Jimm loves her job as a reporter and is just about to be named head crime writer for the Chiang Mai Daily Mail when her mother Mair decides to sell everything they own and move the family to the village of Maprao on the southern coast of Thailand. Jimm is less then thrilled with her new life.
"We'd moved to a village surrounded by coconut groves called Maprao. That means 'coconut.' We're in the middle of a bay called Glang Ow, which means 'middle of the bay' and our nearest small town is at the mouth of a river. It's called Pak Nam. I probably don't need to translate that one for you."

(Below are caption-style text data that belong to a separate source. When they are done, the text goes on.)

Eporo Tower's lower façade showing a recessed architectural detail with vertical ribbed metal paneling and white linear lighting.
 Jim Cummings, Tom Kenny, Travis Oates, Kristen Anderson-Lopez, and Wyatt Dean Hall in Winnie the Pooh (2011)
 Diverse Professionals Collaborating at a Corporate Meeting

But because her mother may be in the early stages of dementia and her brother Arny (a shy body-builder) can't handle everything on his own, Jimm makes the move. Now she helps run the dilapidated "resort" that Mair bought and wishes something, anything would happen. Her wishes are answered when a well-digging attempt unearths a VW van with the skeletal remains of two people. And if the discovery of the van, buried since the 70s, isn't exciting enough, the murder of a local Abbot gives Jimm even more of a chance to exercise her crime-writing skills. As she investigates, Jimm calls on her transgender brother/now sister Sissi for computer research and her taciturn grandfather Jah, a former policeman, for investigative tips. Cotterill who lived for many years in Laos and Thailand pokes fun at just about everybody, including Jimm. But along with the humor comes warmth and affection. These are people I will certainly visit again, especially when the next one is titled Grandad, There's a Head on the Beach. Really, who can resist that?